Otherwise, though, any complaints are mostly matters of preference and style, not flaws that distract the driver from his or her task. The 12.3-inch digital gauge cluster is still effective, easy to read and delightfully customizable. The flowing lines of the interior trim still look as elegant as they did in the Obama years, even if the newer CT6 and XT5 boast nicer materials. The optional Recaros are a little tight around the edges of the thighs over a long drive, and they’re showing clear signs of wear after just 8,000 miles, but they’re otherwise supportive and comfortable. (If you don’t have a 36-inch inseam, your biggest complaint will probably be the lack of ventilation on your butt.) Still, the regular seats aren’t exactly sourced from your great-uncle’s Eldorado; there’s no shame in saving the $2,300. At 16 miles per gallon combined and $3 a gallon for premium fuel, skipping the Recaros can buy you 12,266 miles’ worth of fuel.

Those flaws—especially the interior—may be enough to push any waffling would-be buyers into the arms of the Mercedes-AMG E63 S or BMW M5. Sure, the mack-daddy Caddy may be cheaper than its Bavarian adversaries—you can have one out the door for $89,290, $14.4 grand less than the M, $17K less than the Big E, and a heart-palpitating $63,460 less than the starting price of a Panamera Turbo—but the number of buyers buying on price in this super-sedan class is liable to be miniscule. Those who choose their supercar-fast four-doors based on barstool stats performance or brand snob quotient—a far larger population than those budget buyers—are more likely to be wowed by Three-Pointed Stars and sub-three-second 0-60 times and Gesture Control than anything this Caddy has to offer.

But that’s part of this Cadillac’s charm. It’s not the obvious choice, the default sport sedan you pick up to keep up with the Joneses.
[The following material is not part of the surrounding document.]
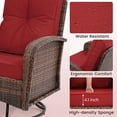 thumbnail image 5 of LOGYAT Outdoor Swivel Wicker Pulley Patio Chair with Washable Cushions, Two Chairs and a Tempered Glass Top Table, Ideal for Porches, Balconies, Decks, Brown Rattan， Red Cushion, 5 of 8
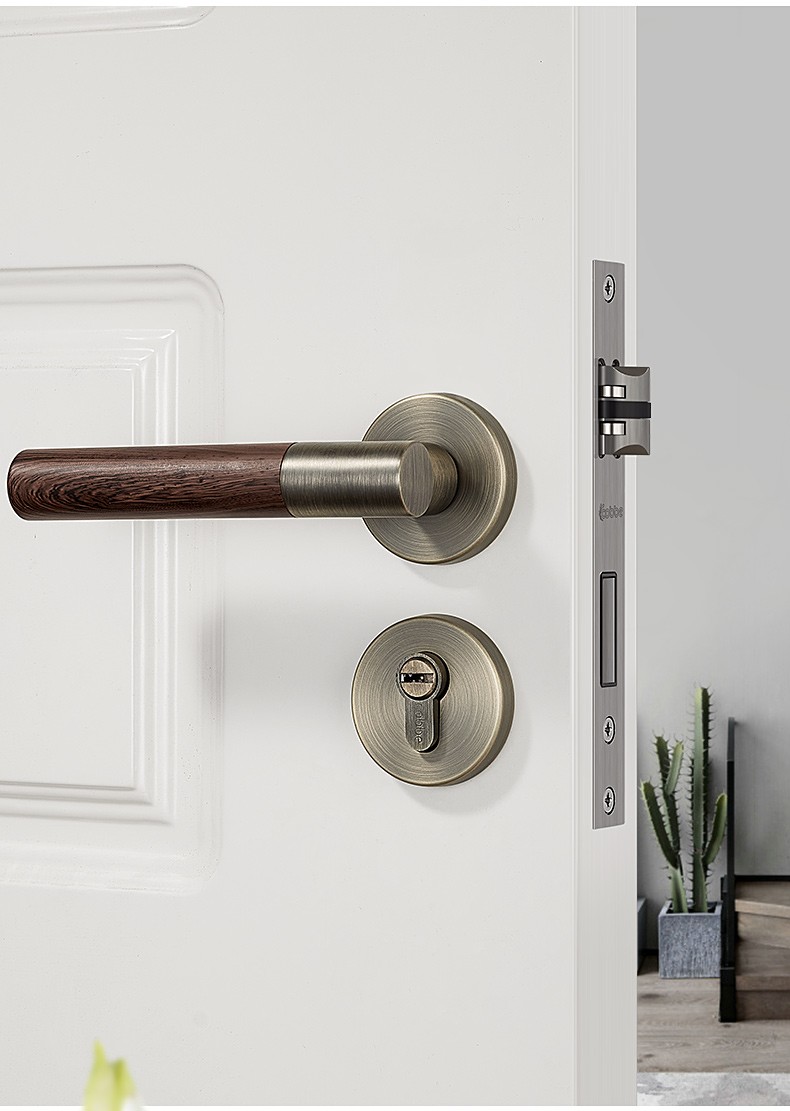 静音门锁卡贝门锁室内房间门锁卧室家用通用型锁具新中式木纹门把手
It’s the alternative option, the car you pick because standing out and being different a bit lights your fire. You don’t buy it in spite of it being a bit crude, a little wild, ten pounds of America-fuck-yeah in a nine-pound bag. You buy it because it’s all those things.

The CT5-V, whenever it finally arrives, will no doubt be superior to this car by the simple virtue of its newness. Presumably, it’ll have twice as many wheels channeling its mighty power to the ground, along with all sorts of novel technological ways of making the most of its power to make the car both smooth and quick as hell. The interior will most likely be a feast of soft leather, grippy microsuede, and aggressive carbon fiber trim, equally suitable for thousand-mile road trips and eight-minute Nordschleife laps. We can even pray it won’t force us into CUE’s nightmarish ecosystem. It will, objectively, be a better car.

But it’s hard to imagine it’ll be quite this special. If for no other reason than…well, it won’t be called CTS-V.